Redebeitrag der Revolutionären Einheit Darmstadt auf der revolutionären 1.Mai Demonstration 2023 in Frankfurt:

In Deutschland ist die Anzahl junger Menschen mit psychischen Erkrankungen wie Depressionen oder Angststörung innerhalb der letzten Jahre stetig gestiegen.
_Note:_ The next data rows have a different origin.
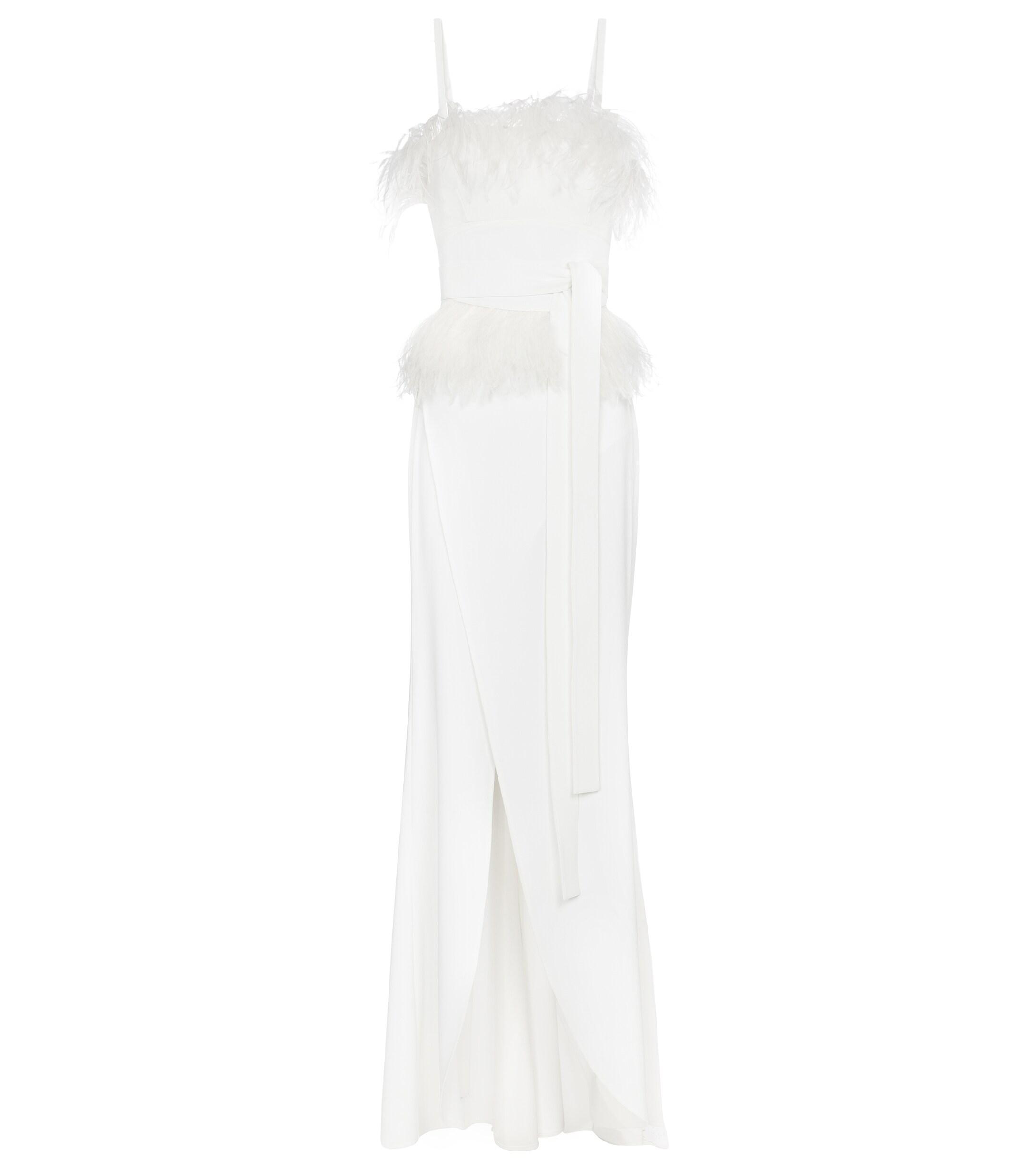 Elie Saab Feather trimmed Cr pe Gown in White Lyst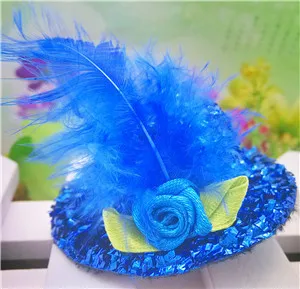 blue New Fashion Party Cap Hairpins Festival Hat Ribbon Flower Cute With Fur Barretes Children Hair Accessories Hair Clip for Girls - Цвет: blue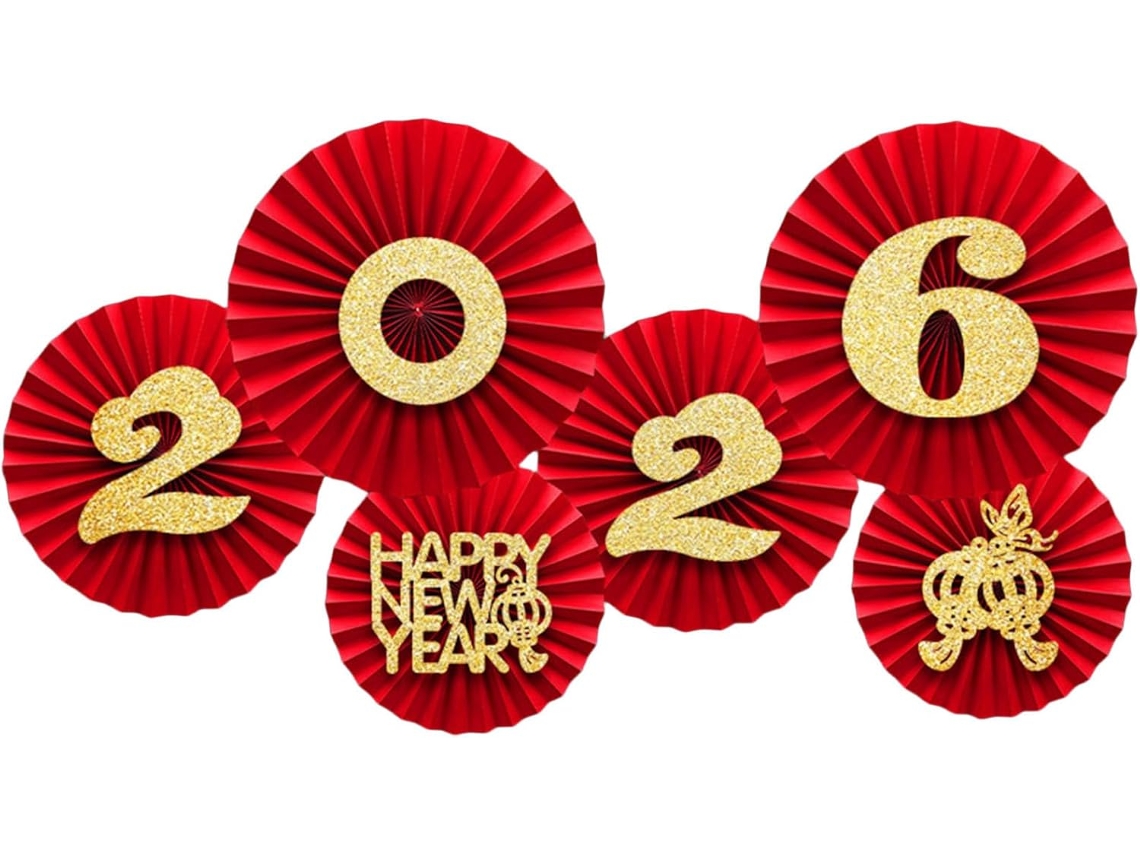 Elegante Abanico De Papel 2026: Decoración Multiusos Para Fiestas En Casa, Año Nuevo Y Días Festivos.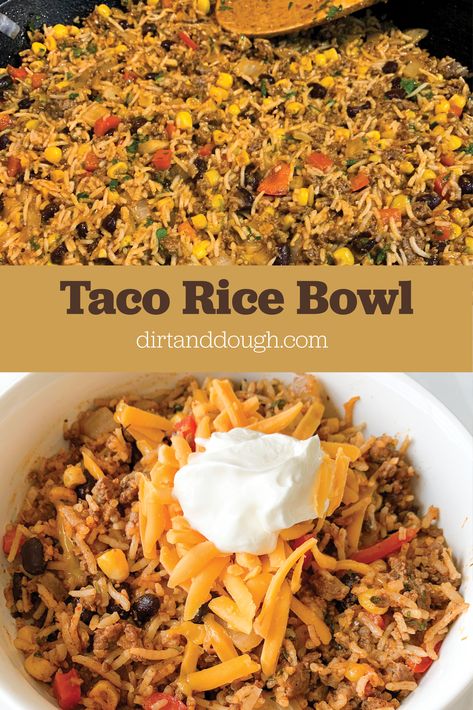 Simple and easy taco rice bowl. This is a great week day dinner or when you need something on the table fast. Ground taco meat with corn, black beans, rice and all your favorite taco toppings. #tacotuesday #taco #tacoricebowl #tacorice #tacoskillet Taco Rice Bowl Beef, Black Bean Taco Bowl, Leftover Taco Meat Recipes Healthy, Ground Chicken Taco Bowl, Leftover Taco Meat Ideas, Taco Meat Recipes Leftover, Easy Taco Rice, Ground Chicken Rice Bowl, Taco Rice Bowl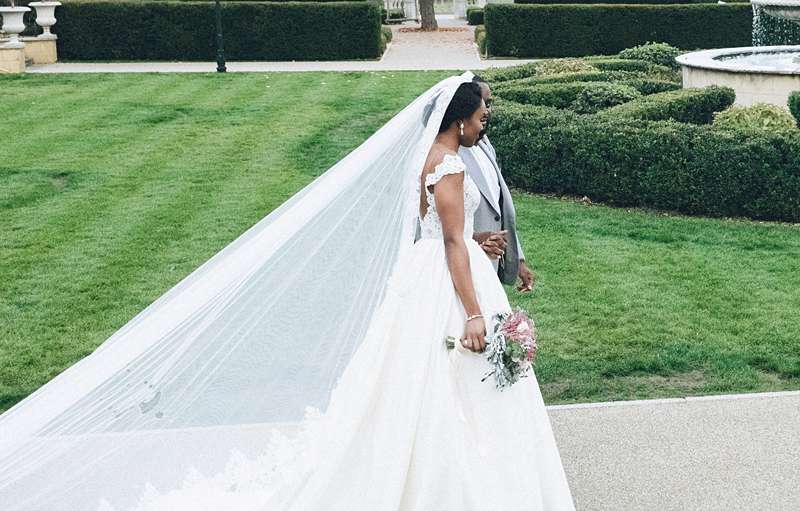 long veil ivory tulle lace edge bespoke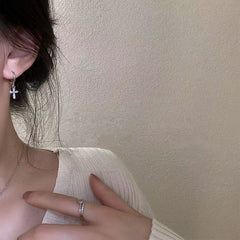 Zircon Crystal Cross Earrings for Girls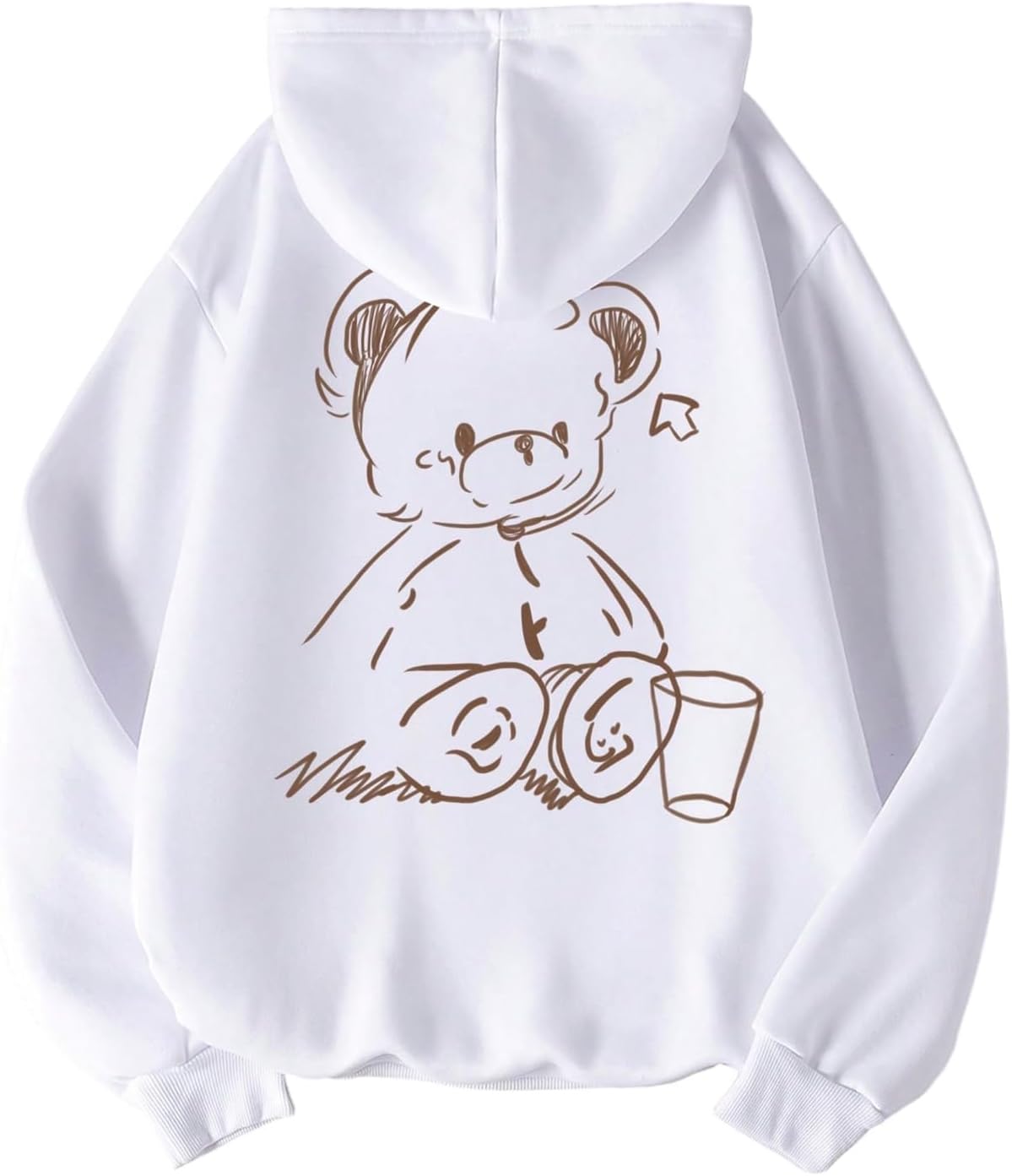 SweatyRocks Women's Oversized Graphic Hoodies Pullover Long Sleeve Bear Print Sweatshirt with Pocket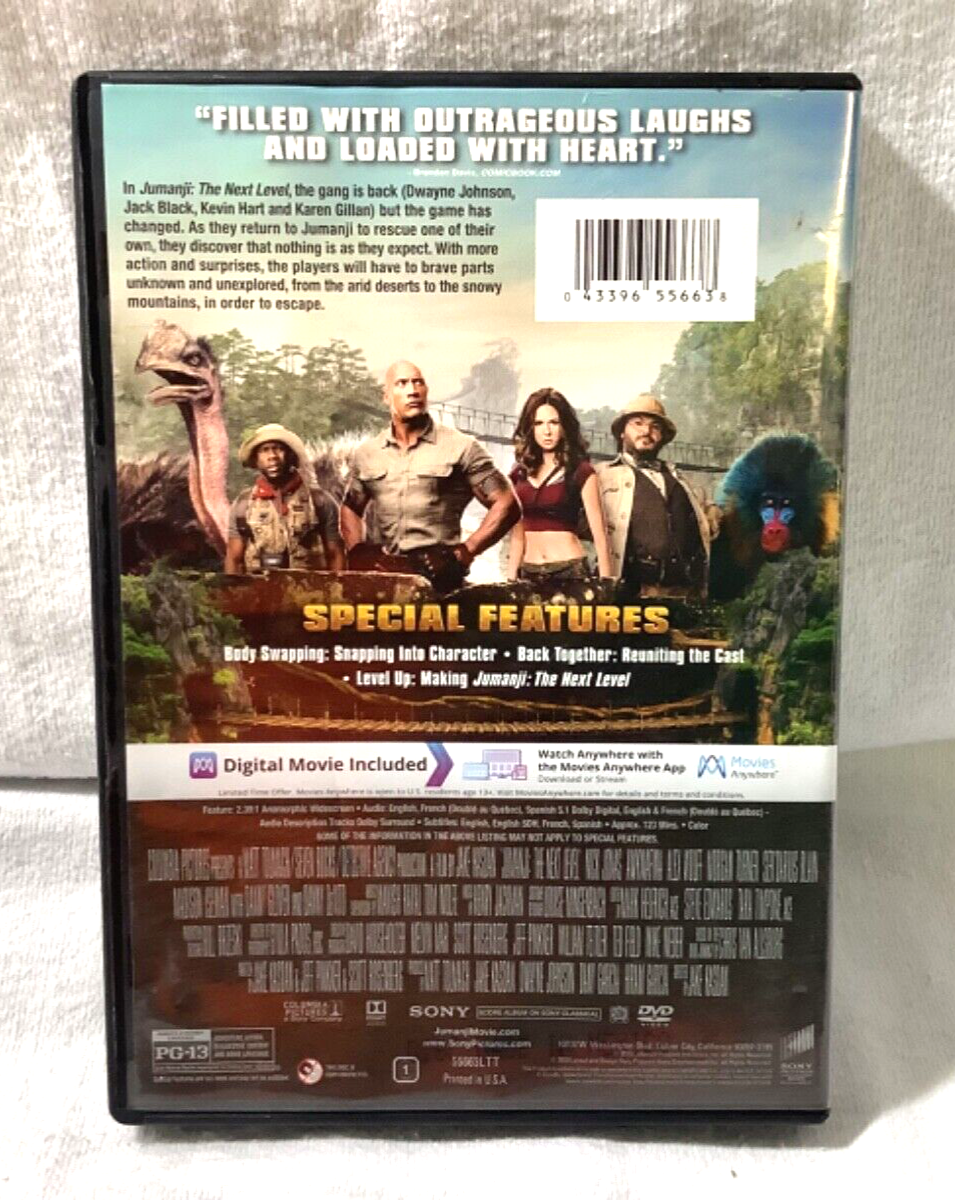 Jumanji The Next Level DVD + Digital Movie Dwayne The Rock Johnson Kevin Hart | eBay Jumanji The Next Level DVD + Digital Movie Dwayne The Rock Johnson Kevin Hart | eBay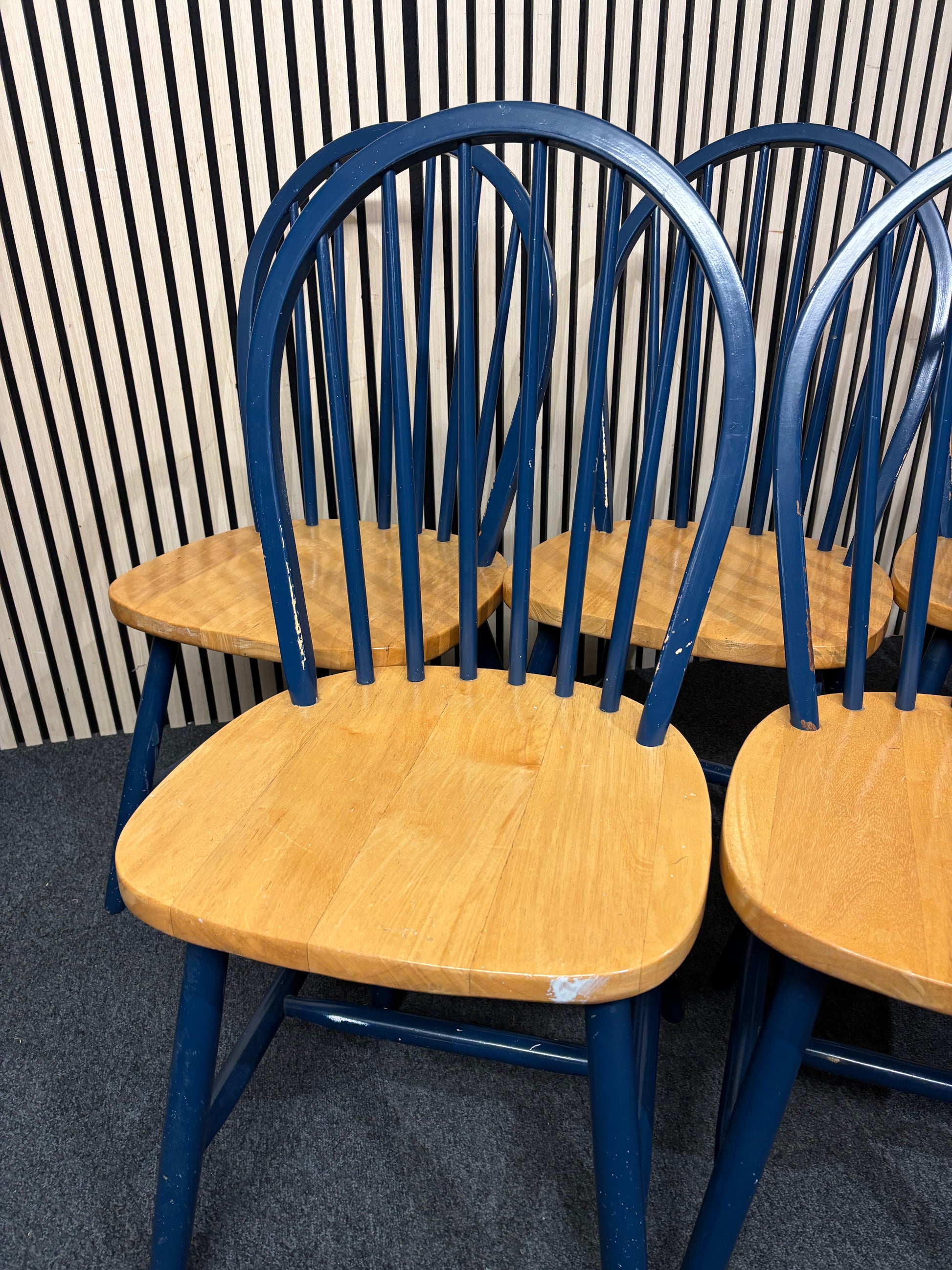 Solid wood, blue painted back kitchen chairs (SET OF 5) 3126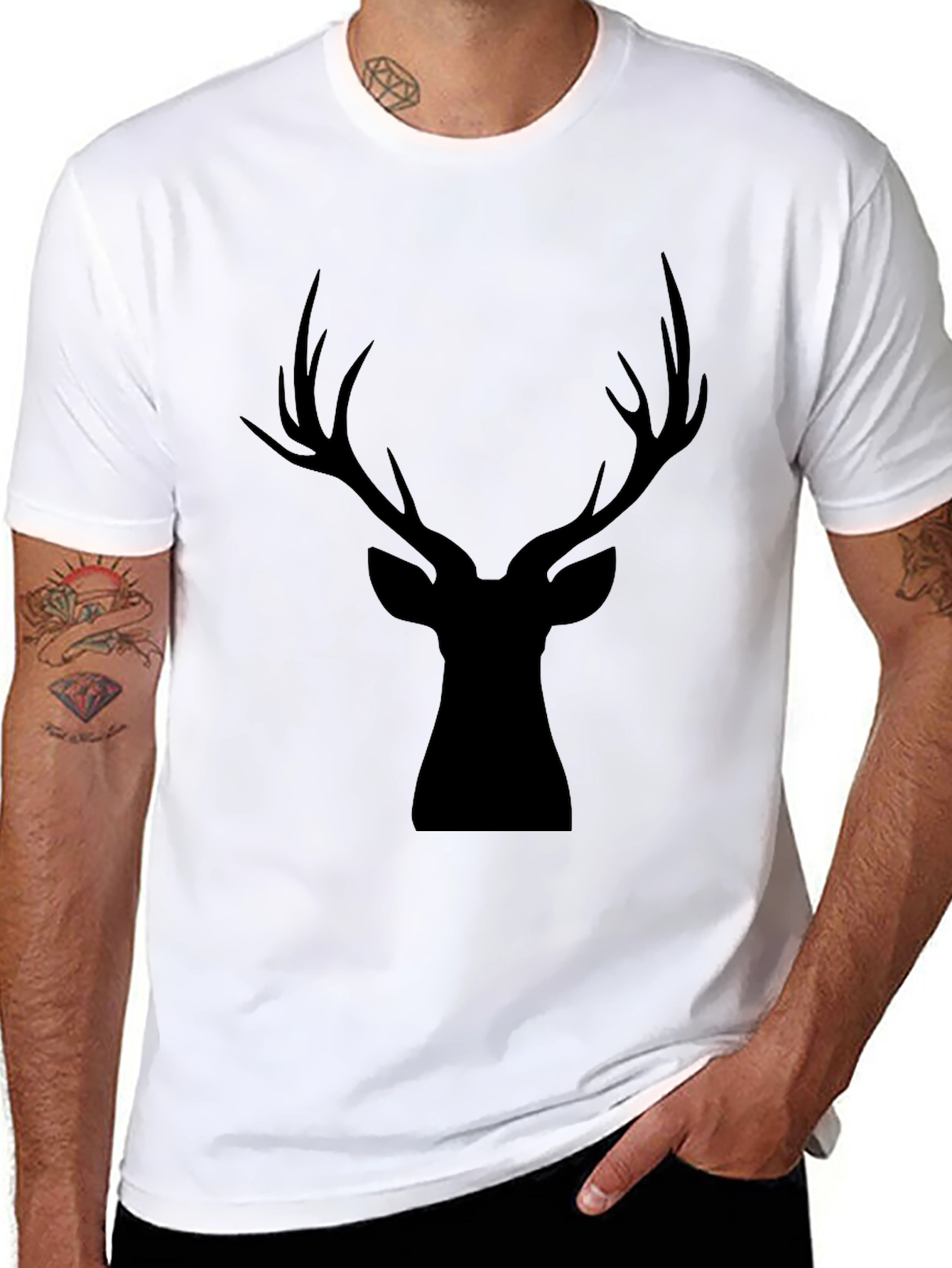 Black Deer Silhouette Graphic Tee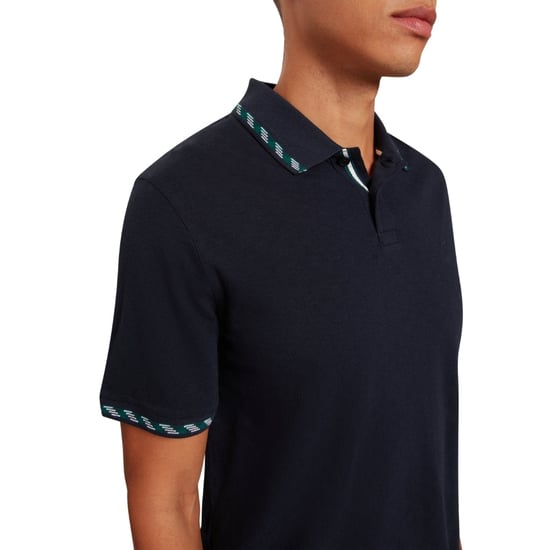Ted Baker Ss Polohemd Mit Jacquard-jacquardmuster In Marineblau - Image 4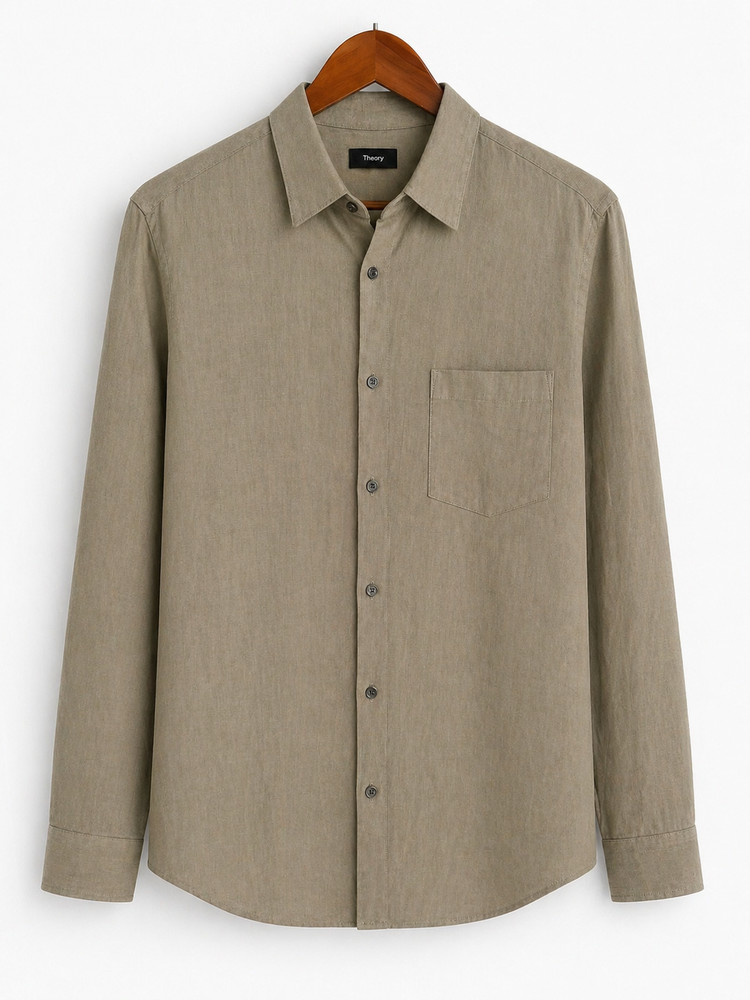 Theory Shirt XL Beige Irving 100% Linen Long Sleeve Shirt Coastal Resort Casual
Zwar scheint die Problematik längst in der bürgerlichen Debatte angekommen zu sein, aber während uns reiche Influencer:innen oder die Werbung erzählen, das Problem läge nur bei uns und wir müssten nur Duftkerzen kaufen, Dankbarkeitstagebücher führen oder uns einfach mal eine Auszeit nehmen, wird über die Hauptursache dieser Epidemie der Misere fast überall still geschwiegen. Das Leid von uns allen wird wie so vieles im Kapitalismus zu einem Bedürfnis fetischisiert, aus dem sich massig Profit erwirtschaften lässt. Doch ist der Kapitalismus nicht nur Profiteur dieser Situation, er ist vor allem auch die Hauptursache für unsere Probleme. An dieser Stelle möchte ich auf den Rapper Hanybal verweisen, der diesen Zusammenhang gekonnt auf den Punkt gebracht hat: “Es liegt an diesem scheiß System, dass es vielen von uns scheiße geht!”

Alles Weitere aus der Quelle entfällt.